Madshus caught up with Vasaloppet guru Erik Wickström, who shares his best advice on all of the above-mentioned issues. 

Wickström has written several books on cross-country skiing, training, equipment, gives lectures, and hosts the podcast "Lagom Kondition" aimed at beginners and recreational skiers. Now, he also offers training guidance to athletes at all levels (except for top-level elite skiers) through his company, Wickström Coaching.

What’s the “deadline” for buying new gear prior to a long race like Vasaloppet and still have time to adjust and tune your gear before race day?
“I’d say there isn’t really a deadline for this. It used to be more important years ago, when boots really needed to be broken in to avoid major blisters and foot pain, and you needed quite some time to figure out how to wax your skis for different snow conditions and course profiles. But these days, boots are generally quite comfortable right out of the box, and your skis are pretty easy to dial in – especially if you are using skin skis or choosing to double pole the event,” says Wickström. 

“Most people sleep better if they have had at least one long workout on their new equipment before they step up to the start line. But really, you’ll probably be fine even if you don’t.”

Related coverage: 
Training for Vasaloppet: Who said there are no shortcuts?

However, when it comes to poles, it’s a whole different story. 

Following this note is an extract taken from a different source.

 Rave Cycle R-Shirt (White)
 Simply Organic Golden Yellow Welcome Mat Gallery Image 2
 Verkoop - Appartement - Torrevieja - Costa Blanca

Wickström repeatedly sees a lot of skiers with ill-fitting poles, which can lead to both pain and frustration as well as valuable time lost on the course. 

“I don't think people are aware of how much they lose by having the wrong length of poles, especially with too short poles,” says Wickström, elaborating: 

“For every centimeter you cut down on pole length compared to the FIS maximum limit, you lose a significant amount of time doubling poling. For elite racers and many dedicated recreational skiers, long-distance races are all about double poling, so it means a lot to them. However, that group tends to be good at having the right pole length. But more and more people, even at lower levels, are incorporating more double poling into their skiing, so this affects everyone.”

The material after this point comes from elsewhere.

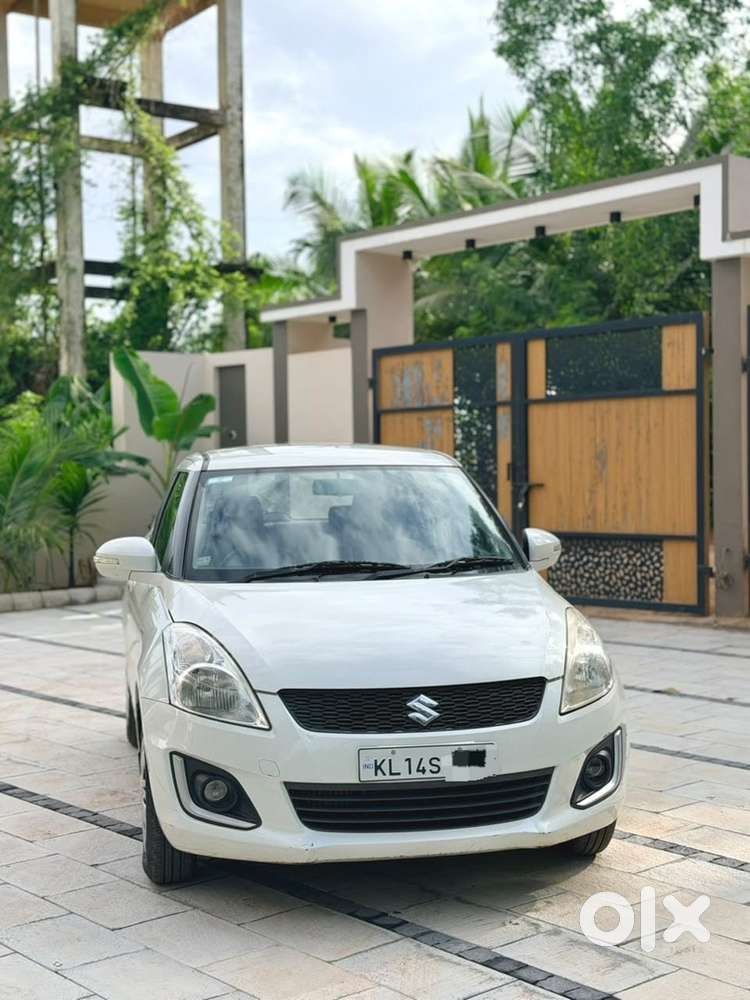 Maruti Swift Vdi 2015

In Wickström’s experience, the maximum length allowed by the international ski- and snowboard association (FIS) in classic races is typically spot-on for almost everyone, from elite to recreational skiers. 

“The FIS maximum limit is defined as your body height in centimeters with ski boots on, multiplied by 0.83. Some may feel that diagonal skiing is a bit more challenging if the poles are right up to the FIS limit, but it's very little compared to the gains of having the right pole length for double poling,” Wickström adds.

Wickström also points out that pole straps are a big deal. 

“It's not just the length of the pole that matters when you're buying ski poles. Take some time to find the right size for the strap as well.”

“The thing with pole straps is very individual. It's not just about the size but also the shape of the strap. And I would say it's even more individual than ski boots,” says Wickström.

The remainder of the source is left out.